Abstract
COL4A5 mutations are a known cause of Alport syndrome, which typically manifests with haematuria, hearing loss and ocular symptoms. Here we report on a 16-year-old male patient with a negative family history who presented with proteinuria, progressive renal failure and haemolysis, but without overt haematuria or hearing loss. A renal biopsy revealed features of atypical IgA nephropathy, while a second biopsy a year later showed features of focal segmental glomerulosclerosis, but was finally diagnosed as chronic thrombotic microangiopathy. Targeted sequencing of candidate genes for steroid-resistant nephrotic syndrome and congenital thrombotic microangiopathy was negative. Despite all therapeutic efforts, including angiotensin-converting enzyme inhibition, immunosuppressive therapy, plasma exchanges and rituximab, the patient progressed to end-stage renal disease. When a male cousin presented with nephrotic syndrome years later, whole-exome sequencing identified a shared disruptive COL4A5 mutation (p.F222C) that showed X-linked segregation. Thus, mutations in COL4A5 give rise to a broader spectrum of clinical presentation than commonly suspected, highlighting the benefits of comprehensive rather than candidate genetic testing in young patients with otherwise unexplained glomerular disease. Our results are in line with an increasing number of atypical presentations of single-gene disorders identified through genome-wide sequencing.

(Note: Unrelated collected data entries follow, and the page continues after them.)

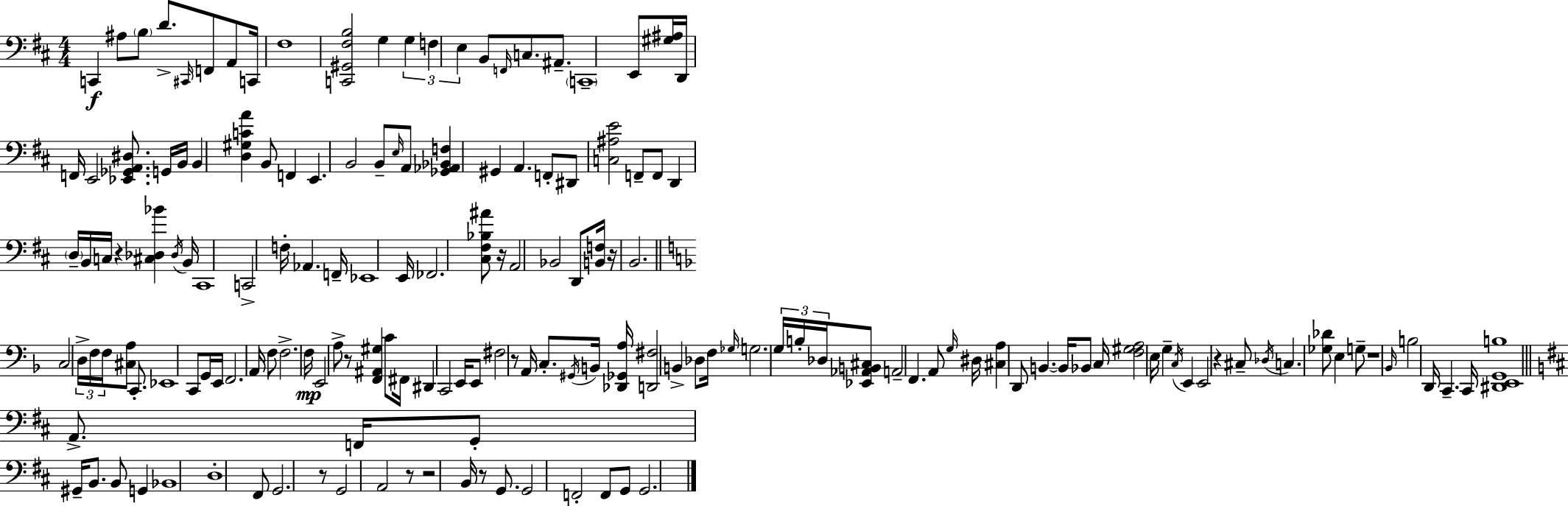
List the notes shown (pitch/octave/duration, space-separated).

C2/q A#3/e B3/e D4/e. C#2/s F2/e A2/e C2/s F#3/w [C2,G#2,F#3,B3]/h G3/q G3/q F3/q E3/q B2/e F2/s C3/e. A#2/e. C2/w E2/e [G#3,A#3]/s D2/s F2/s E2/h [Eb2,Gb2,A2,D#3]/e. G2/s B2/s B2/q [D3,G#3,C4,A4]/q B2/e F2/q E2/q. B2/h B2/e E3/s A2/e [Gb2,Ab2,Bb2,F3]/q G#2/q A2/q. F2/e D#2/e [C3,A#3,E4]/h F2/e F2/e D2/q D3/s B2/s C3/s R/q [C#3,Db3,Bb4]/q Db3/s B2/s C#2/w C2/h F3/s Ab2/q. F2/s Eb2/w E2/s FES2/h. [C#3,F#3,Bb3,A#4]/e R/s A2/h Bb2/h D2/e [B2,F3]/s R/s B2/h. C3/h D3/s F3/s F3/s [C#3,A3]/e C2/e. Eb2/w C2/e G2/s E2/s F2/h. A2/s F3/e F3/h. F3/s E2/h A3/e R/e [F2,A#2,G#3]/q C4/e F#2/s D#2/q C2/h E2/s E2/e F#3/h R/e A2/s C3/e. G#2/s B2/s [Db2,Gb2,A3]/s [D2,F#3]/h B2/q Db3/e F3/s Gb3/s G3/h. G3/s B3/s Db3/s [Eb2,Ab2,B2,C#3]/e A2/h F2/q. A2/e G3/s D#3/s [C#3,A3]/q D2/e B2/q. B2/s Bb2/e C3/s [F3,G#3,A3]/h E3/s G3/q C3/s E2/q E2/h R/q C#3/e Db3/s C3/q. [Gb3,Db4]/e E3/q G3/e R/w Bb2/s B3/h D2/s C2/q. C2/s [D#2,E2,G2,B3]/w A2/e. F2/s G2/e G#2/s B2/e. B2/e G2/q Bb2/w D3/w F#2/e G2/h. R/e G2/h A2/h R/e R/h B2/s R/e G2/e. G2/h F2/h F2/e G2/e G2/h.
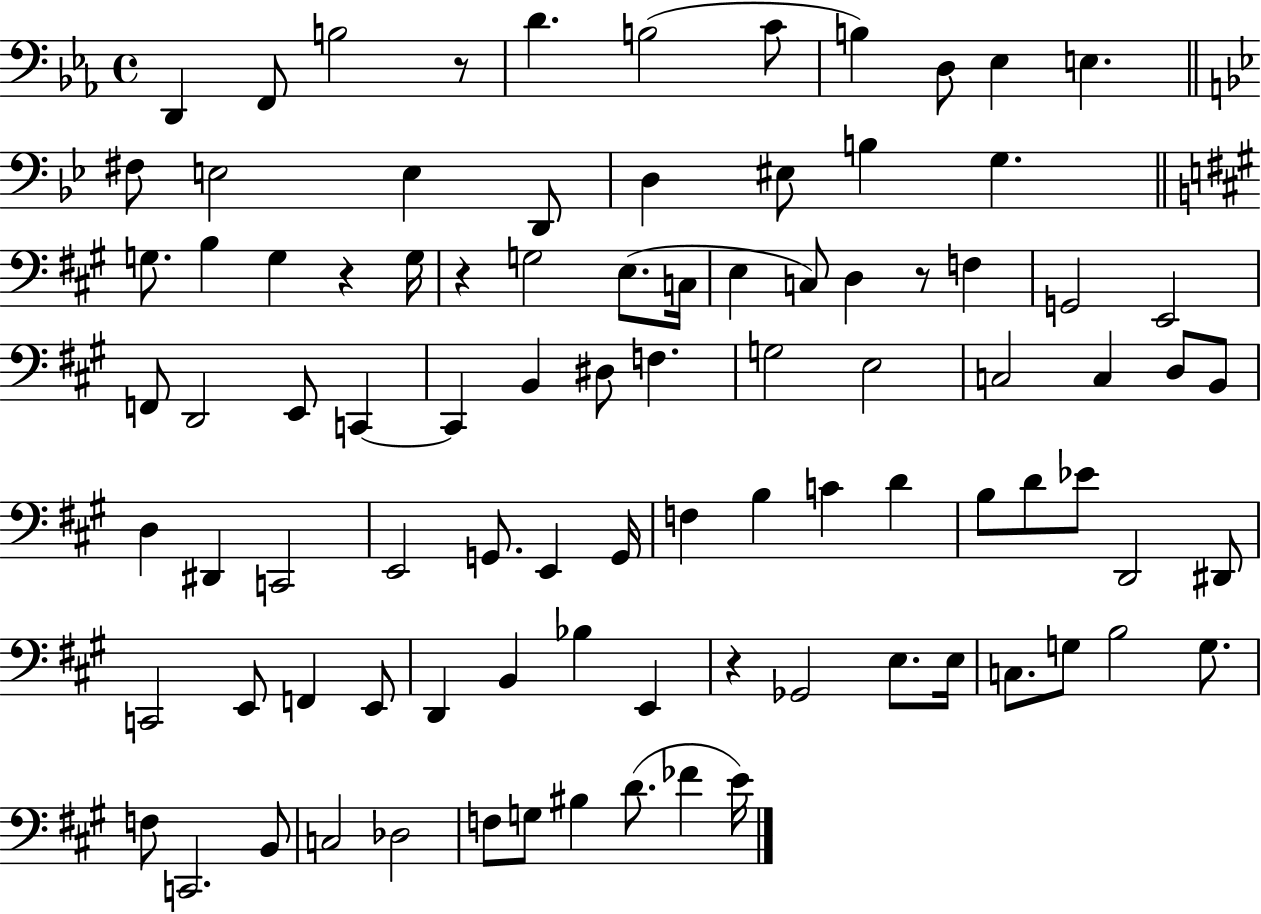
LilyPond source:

{
  \clef bass
  \time 4/4
  \defaultTimeSignature
  \key ees \major
  d,4 f,8 b2 r8 | d'4. b2( c'8 | b4) d8 ees4 e4. | \bar "||" \break \key bes \major fis8 e2 e4 d,8 | d4 eis8 b4 g4. | \bar "||" \break \key a \major g8. b4 g4 r4 g16 | r4 g2 e8.( c16 | e4 c8) d4 r8 f4 | g,2 e,2 | \break f,8 d,2 e,8 c,4~~ | c,4 b,4 dis8 f4. | g2 e2 | c2 c4 d8 b,8 | \break d4 dis,4 c,2 | e,2 g,8. e,4 g,16 | f4 b4 c'4 d'4 | b8 d'8 ees'8 d,2 dis,8 | \break c,2 e,8 f,4 e,8 | d,4 b,4 bes4 e,4 | r4 ges,2 e8. e16 | c8. g8 b2 g8. | \break f8 c,2. b,8 | c2 des2 | f8 g8 bis4 d'8.( fes'4 e'16) | \bar "|."
}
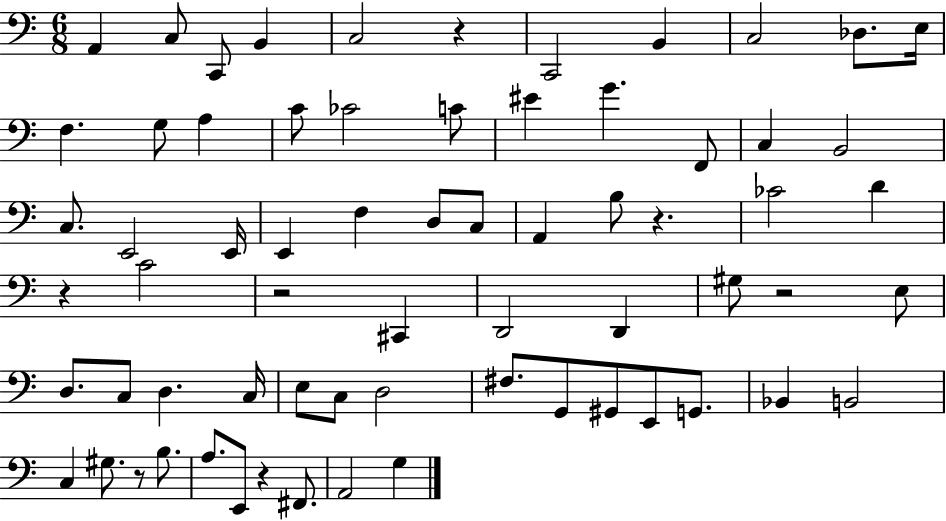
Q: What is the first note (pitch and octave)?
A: A2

Keywords: Alport, FSGS, IgA nephropathy, nephrotic syndrome, thrombotic microangiopathy
Introduction
Mutations in COL4A5, a gene on chromosome X encoding collagen type IV, can cause Alport syndrome, which usually manifests with the triad of haematuria, hearing loss and ocular symptoms (lenticonus, retinal flecks). The disease-causing mutations decrease the mechanical stability of the glomerular basement membrane (GBM). While light microscopy studies typically show focal segmental glomerulosclerosis (FSGS) over the timecourse, specific anomalies observed by electron microscopy include thickening, splitting and fragmentation of the lamina densa [1].

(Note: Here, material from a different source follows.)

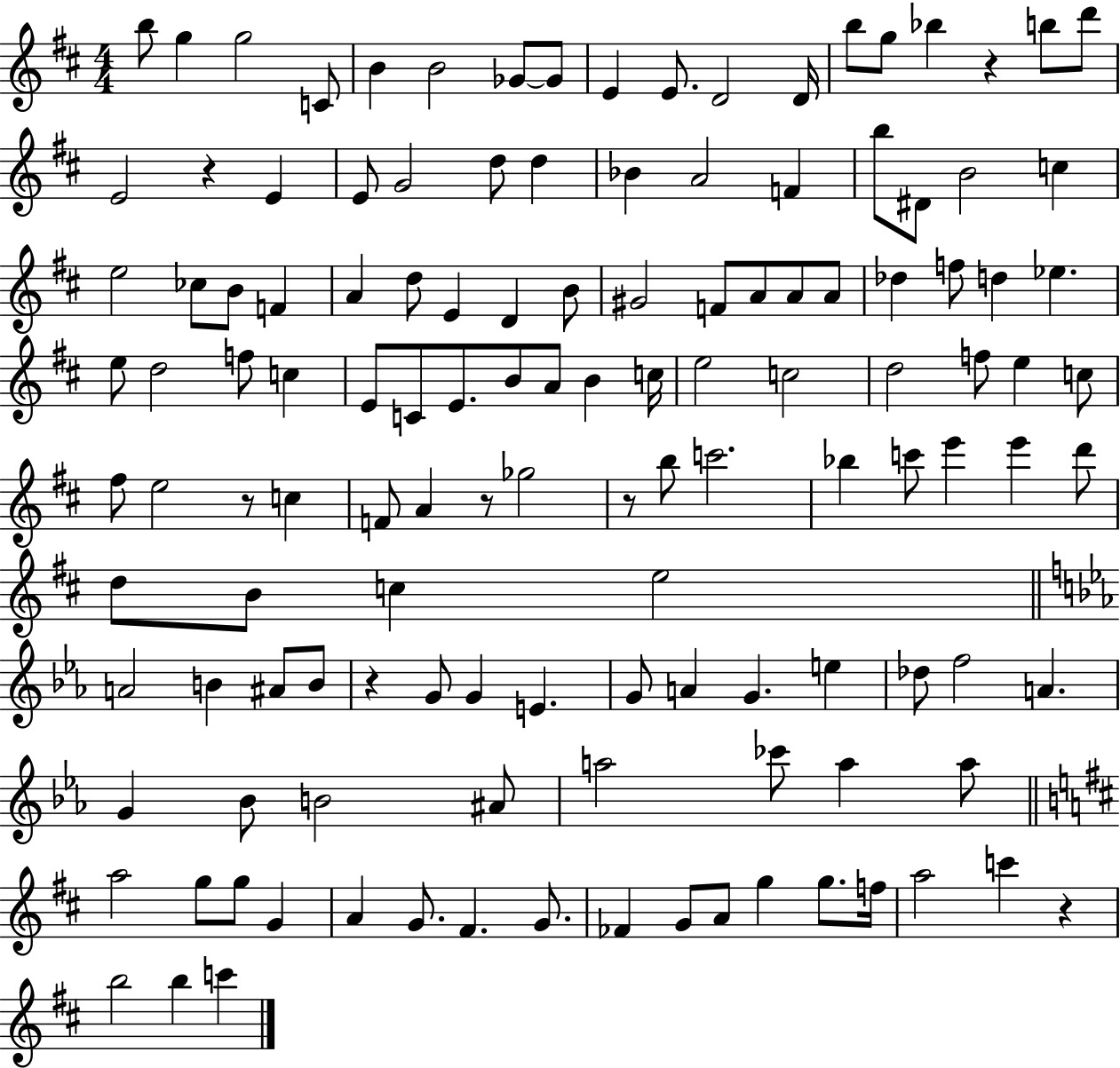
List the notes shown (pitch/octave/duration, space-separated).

Therapeutic options are limited and include renin–angiotensin–aldosterone system (RAAS) blockade to slow progression [2, 3]. Nevertheless, Alport syndrome ultimately leads to end-stage renal disease [4]. The prognosis of both renal and extrarenal manifestations varies by genotype [5]. Here, we present a patient with an X-linked COL4A5 mutation, who presented with proteinuria, but otherwise without typical signs of Alport syndrome.
Case report
A 16-year-old Caucasian male presented to the hospital with a 3-week history of lower extremity and periorbital oedema. He also reported short-lasting episodes (few minutes) of blurred vision. Other than sports injuries he had been healthy. He had taken Isotretinoin 20 mg QD for ∼1.5 years for acne, but had stopped the medication. Parents and the extended family were healthy, and there was no history of hereditary kidney disease.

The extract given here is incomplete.